_Available data_.

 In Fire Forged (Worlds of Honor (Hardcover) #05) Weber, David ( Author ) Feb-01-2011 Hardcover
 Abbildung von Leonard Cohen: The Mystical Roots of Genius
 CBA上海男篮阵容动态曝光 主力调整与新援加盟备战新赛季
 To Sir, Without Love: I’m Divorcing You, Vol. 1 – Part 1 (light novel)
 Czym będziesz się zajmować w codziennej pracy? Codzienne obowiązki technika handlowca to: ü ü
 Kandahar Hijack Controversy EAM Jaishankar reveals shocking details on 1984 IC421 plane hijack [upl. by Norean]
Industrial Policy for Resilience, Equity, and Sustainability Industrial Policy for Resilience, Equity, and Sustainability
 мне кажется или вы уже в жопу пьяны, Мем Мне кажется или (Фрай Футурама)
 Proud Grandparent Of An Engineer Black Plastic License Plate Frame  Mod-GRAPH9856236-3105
...
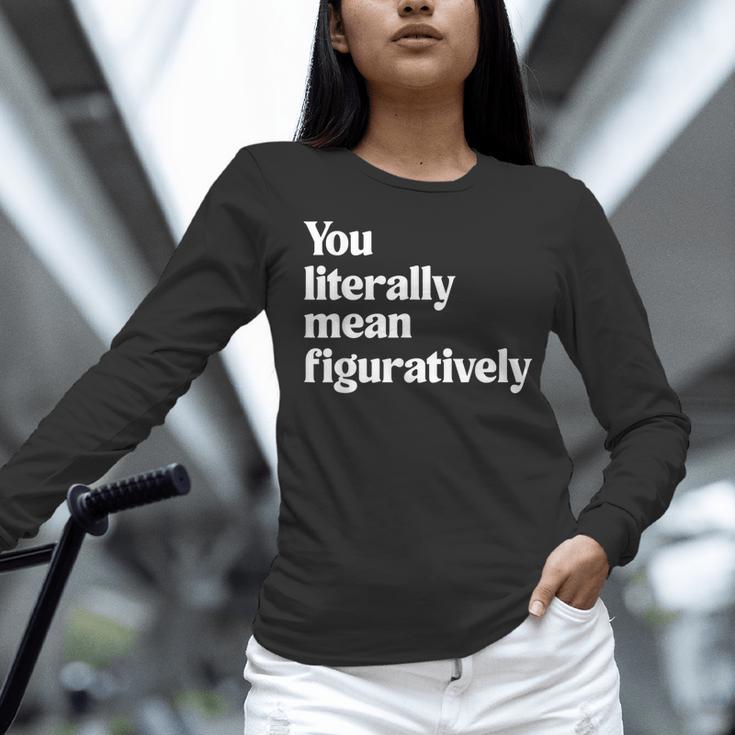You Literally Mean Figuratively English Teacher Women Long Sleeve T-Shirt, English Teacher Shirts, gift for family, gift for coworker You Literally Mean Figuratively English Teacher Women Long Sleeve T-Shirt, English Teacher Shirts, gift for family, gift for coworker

_Task brief_. Please reproduce exactly the lines in the listing above from the one containing "In Fire Forged" through the one containing "Proud Grandparent Of", both included, and nothing more.

_Finished task_.
 In Fire Forged (Worlds of Honor (Hardcover) #05) Weber, David ( Author ) Feb-01-2011 Hardcover
 Abbildung von Leonard Cohen: The Mystical Roots of Genius
 CBA上海男篮阵容动态曝光 主力调整与新援加盟备战新赛季
 To Sir, Without Love: I’m Divorcing You, Vol. 1 – Part 1 (light novel)
 Czym będziesz się zajmować w codziennej pracy? Codzienne obowiązki technika handlowca to: ü ü
 Kandahar Hijack Controversy EAM Jaishankar reveals shocking details on 1984 IC421 plane hijack [upl. by Norean]
Industrial Policy for Resilience, Equity, and Sustainability Industrial Policy for Resilience, Equity, and Sustainability
 мне кажется или вы уже в жопу пьяны, Мем Мне кажется или (Фрай Футурама)
 Proud Grandparent Of An Engineer Black Plastic License Plate Frame  Mod-GRAPH9856236-3105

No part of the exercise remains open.